- Task prompt: Leaving out the pictures, print exactly the lines from the one holding "018 与恶魔签订契约的人(1/2)-第19话" to the last line of the entries below, both included, and nothing more.

Stored items from a collection
◇ ◇ ◇ ◇ ◇ ◇ ◇
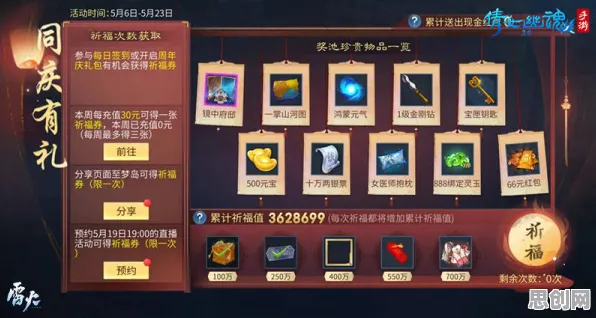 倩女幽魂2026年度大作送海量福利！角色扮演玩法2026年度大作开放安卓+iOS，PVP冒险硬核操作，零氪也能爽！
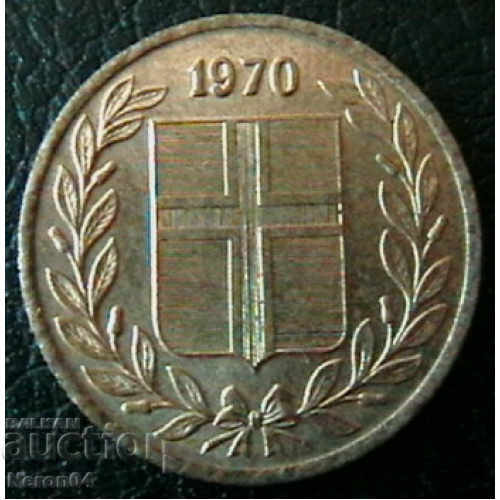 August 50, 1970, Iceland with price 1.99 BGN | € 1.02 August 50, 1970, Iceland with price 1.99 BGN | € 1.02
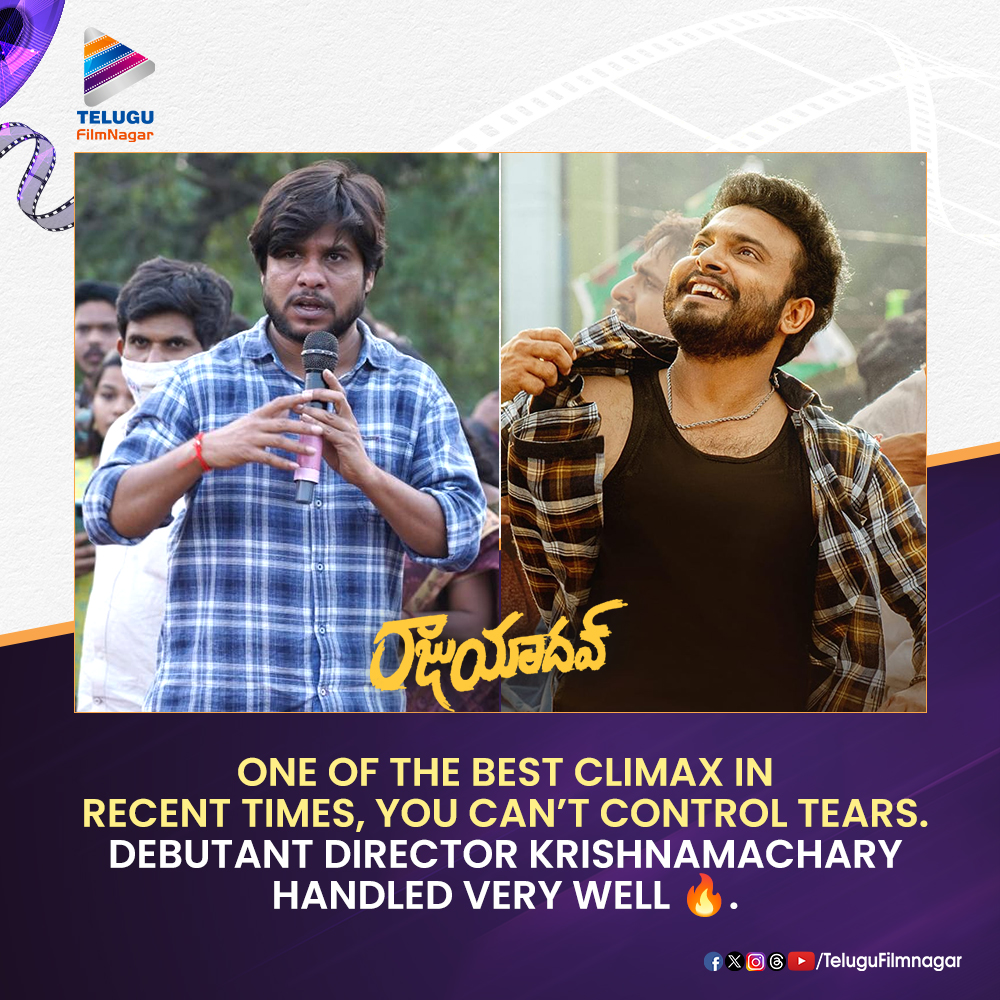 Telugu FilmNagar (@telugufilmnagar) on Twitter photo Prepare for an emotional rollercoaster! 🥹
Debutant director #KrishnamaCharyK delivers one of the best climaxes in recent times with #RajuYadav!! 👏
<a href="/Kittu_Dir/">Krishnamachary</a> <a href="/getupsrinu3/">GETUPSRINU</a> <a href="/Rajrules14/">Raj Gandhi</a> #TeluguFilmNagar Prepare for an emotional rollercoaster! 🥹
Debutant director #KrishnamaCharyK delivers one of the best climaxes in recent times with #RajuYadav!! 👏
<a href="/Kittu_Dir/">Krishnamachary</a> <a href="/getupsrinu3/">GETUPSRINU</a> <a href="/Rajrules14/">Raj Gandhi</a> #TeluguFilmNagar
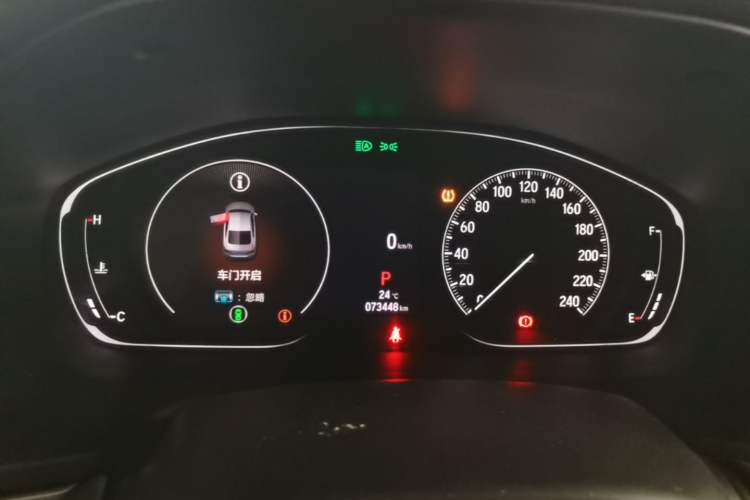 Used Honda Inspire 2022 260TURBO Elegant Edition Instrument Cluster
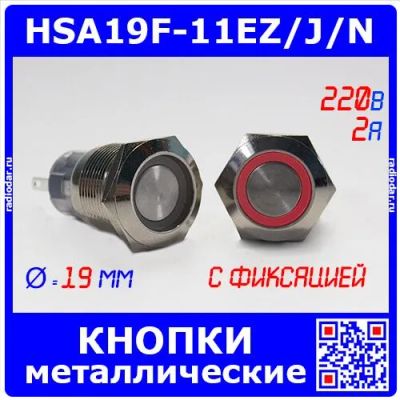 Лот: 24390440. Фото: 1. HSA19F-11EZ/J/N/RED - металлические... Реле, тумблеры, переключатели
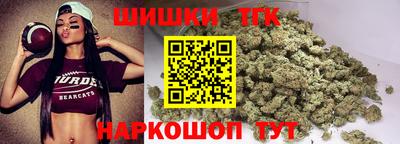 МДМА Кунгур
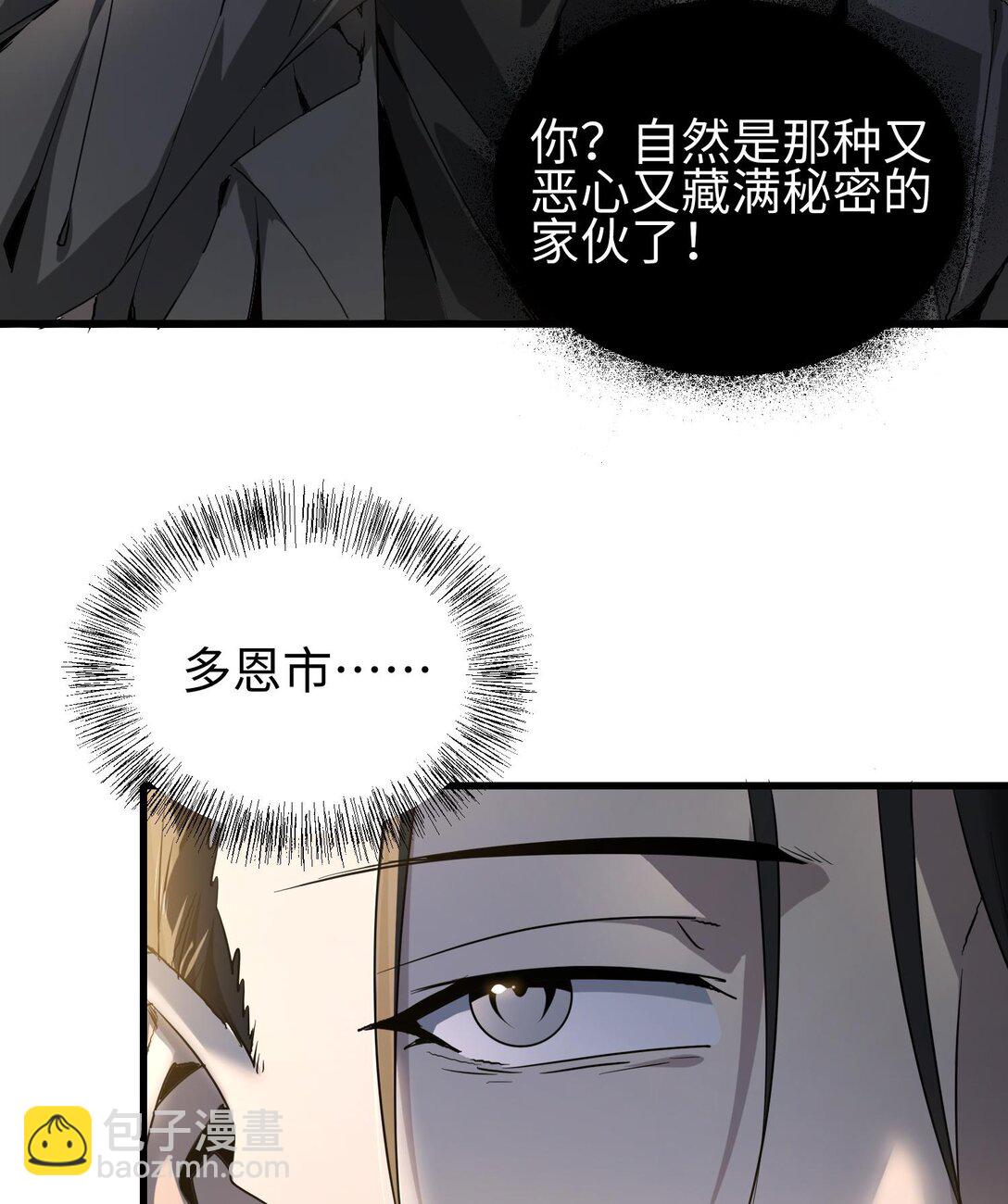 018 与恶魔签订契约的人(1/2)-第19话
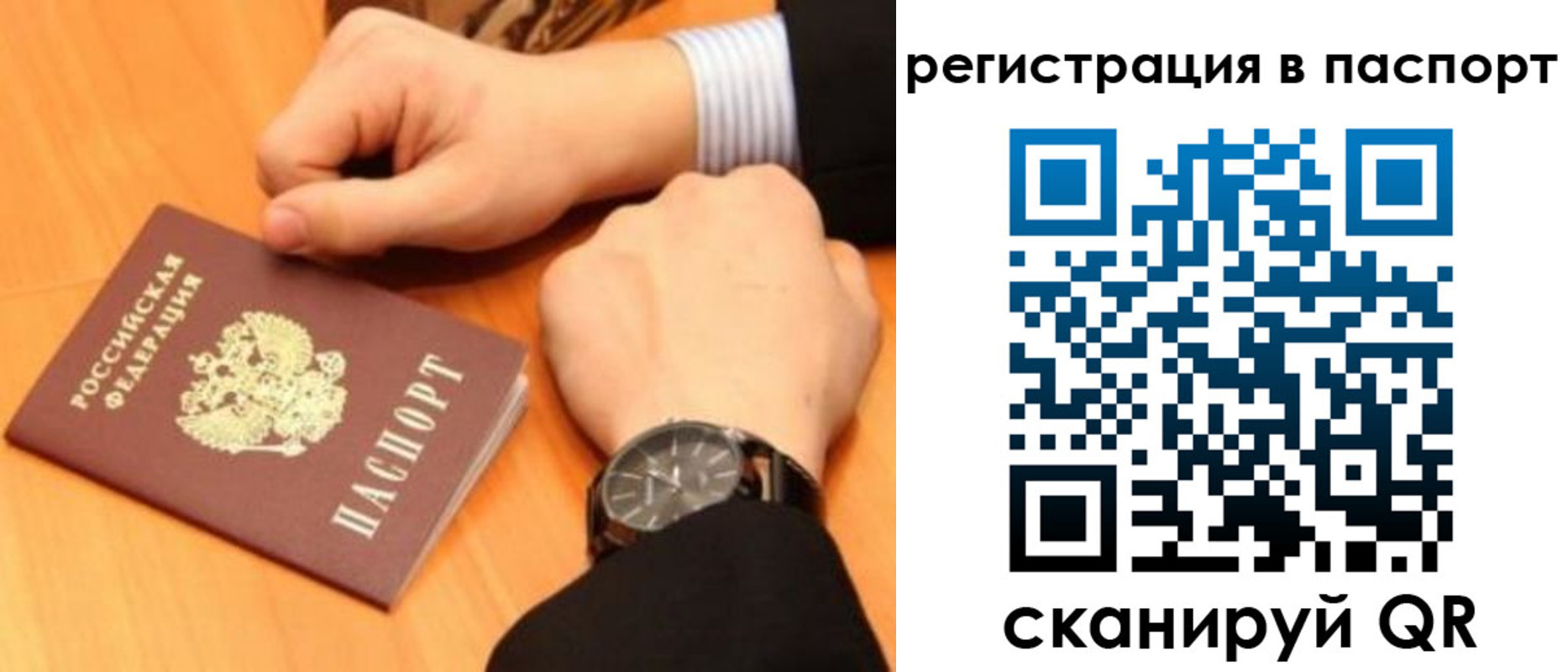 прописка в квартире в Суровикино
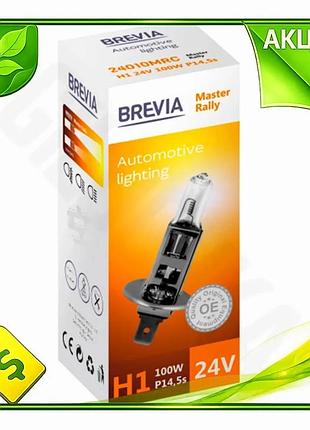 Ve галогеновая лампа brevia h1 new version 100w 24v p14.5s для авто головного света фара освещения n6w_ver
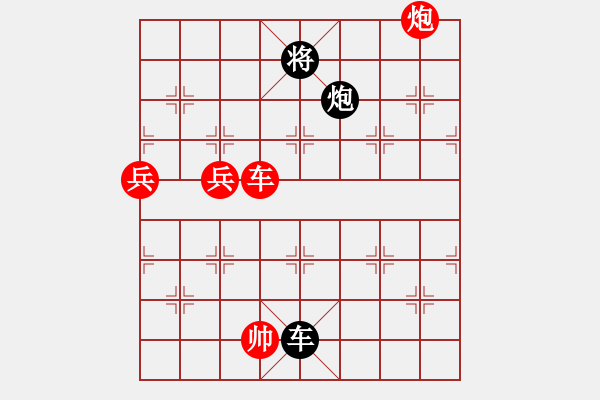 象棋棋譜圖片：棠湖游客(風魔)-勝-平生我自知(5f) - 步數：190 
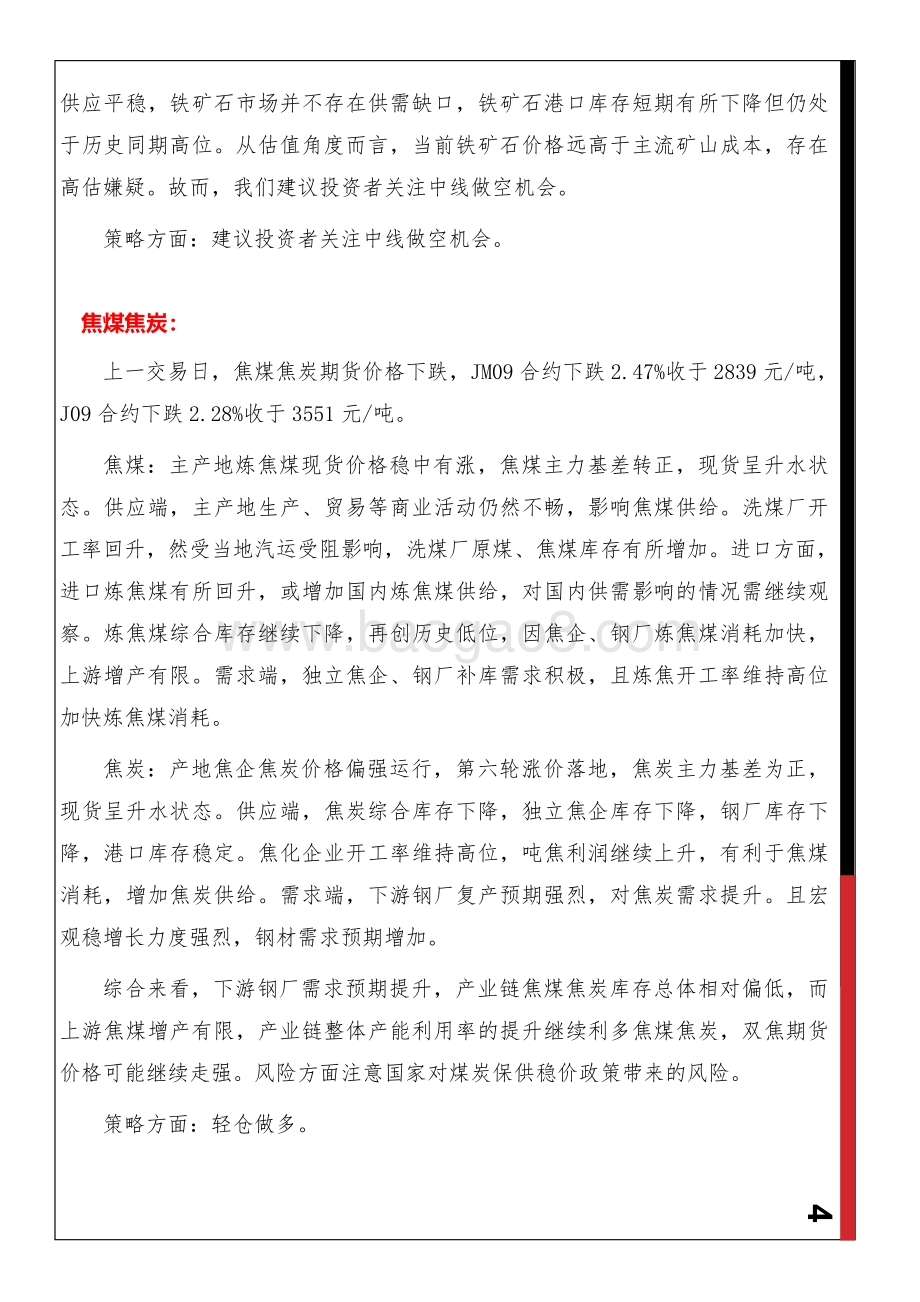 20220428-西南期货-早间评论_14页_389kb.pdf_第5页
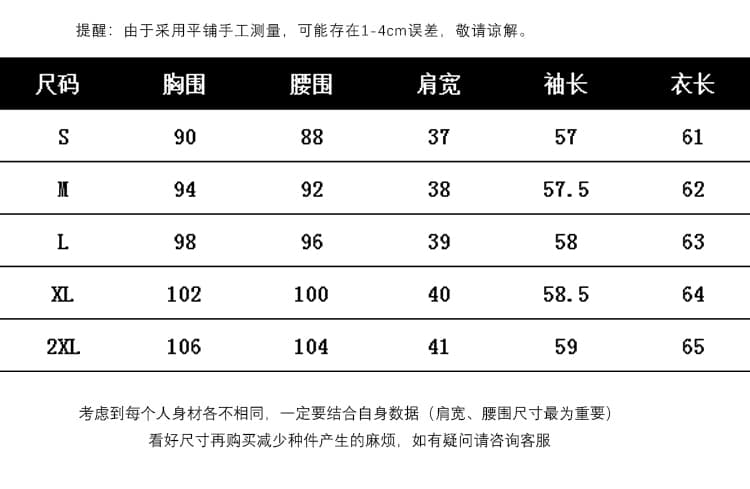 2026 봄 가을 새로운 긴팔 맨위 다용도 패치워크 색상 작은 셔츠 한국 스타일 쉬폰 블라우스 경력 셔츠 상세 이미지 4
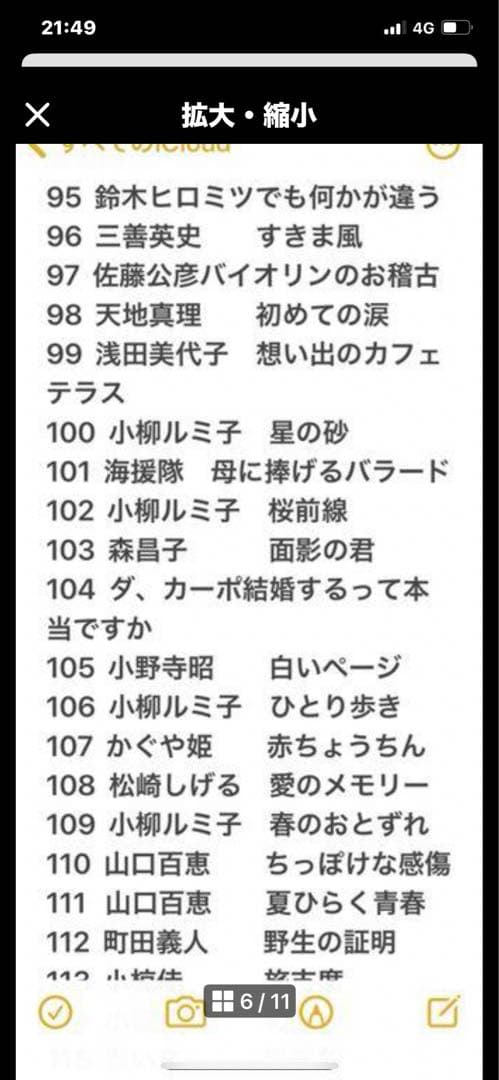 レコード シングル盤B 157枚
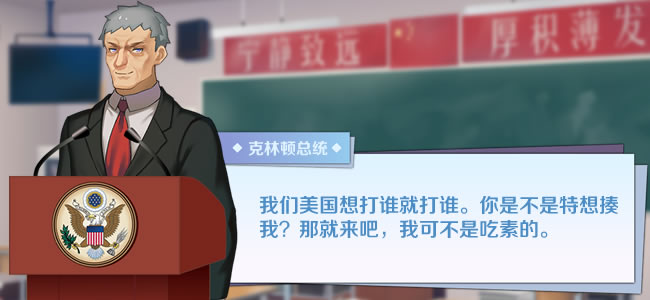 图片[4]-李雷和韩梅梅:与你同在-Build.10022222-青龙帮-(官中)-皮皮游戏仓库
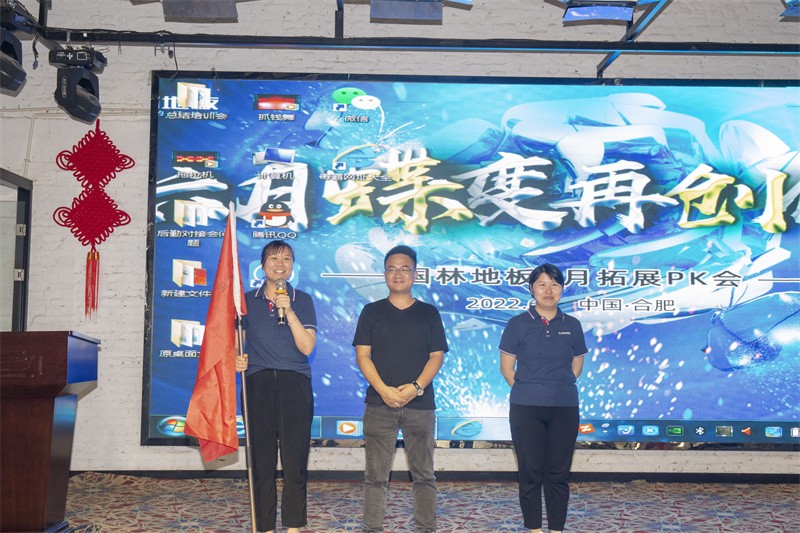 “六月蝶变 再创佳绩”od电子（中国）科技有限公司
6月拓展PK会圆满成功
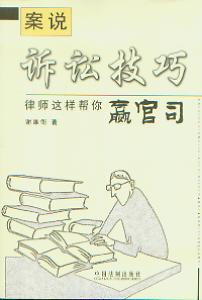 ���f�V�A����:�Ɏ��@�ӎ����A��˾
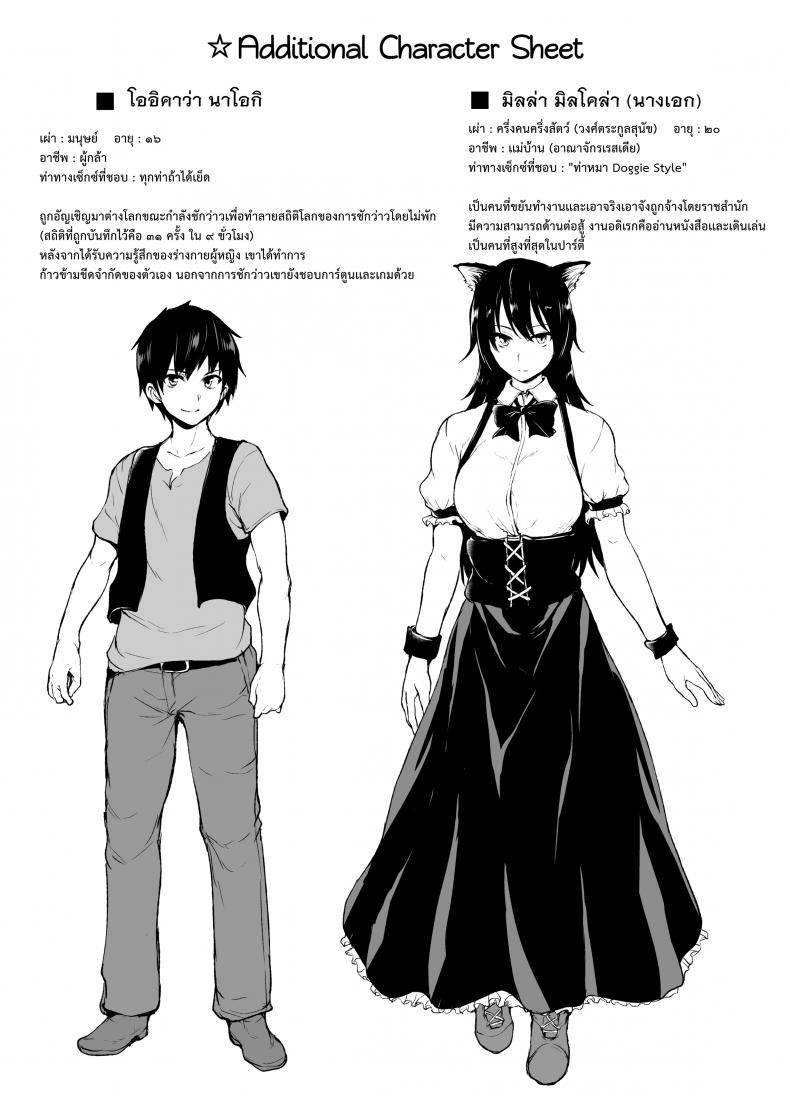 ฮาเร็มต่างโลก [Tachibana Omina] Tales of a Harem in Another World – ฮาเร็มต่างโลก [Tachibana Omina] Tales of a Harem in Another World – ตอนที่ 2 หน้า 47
◇ ◇ ◇ ◇ ◇ ◇ ◇
- Reply to the task:
 018 与恶魔签订契约的人(1/2)-第19话
 прописка в квартире в Суровикино
 Ve галогеновая лампа brevia h1 new version 100w 24v p14.5s для авто головного света фара освещения n6w_ver
 象棋棋譜圖片：棠湖游客(風魔)-勝-平生我自知(5f) - 步數：190 
 20220428-西南期货-早间评论_14页_389kb.pdf_第5页
 2026 봄 가을 새로운 긴팔 맨위 다용도 패치워크 색상 작은 셔츠 한국 스타일 쉬폰 블라우스 경력 셔츠 상세 이미지 4
 レコード シングル盤B 157枚
 图片[4]-李雷和韩梅梅:与你同在-Build.10022222-青龙帮-(官中)-皮皮游戏仓库
 “六月蝶变 再创佳绩”od电子（中国）科技有限公司
6月拓展PK会圆满成功
 ���f�V�A����:�Ɏ��@�ӎ����A��˾
 ฮาเร็มต่างโลก [Tachibana Omina] Tales of a Harem in Another World – ฮาเร็มต่างโลก [Tachibana Omina] Tales of a Harem in Another World – ตอนที่ 2 หน้า 47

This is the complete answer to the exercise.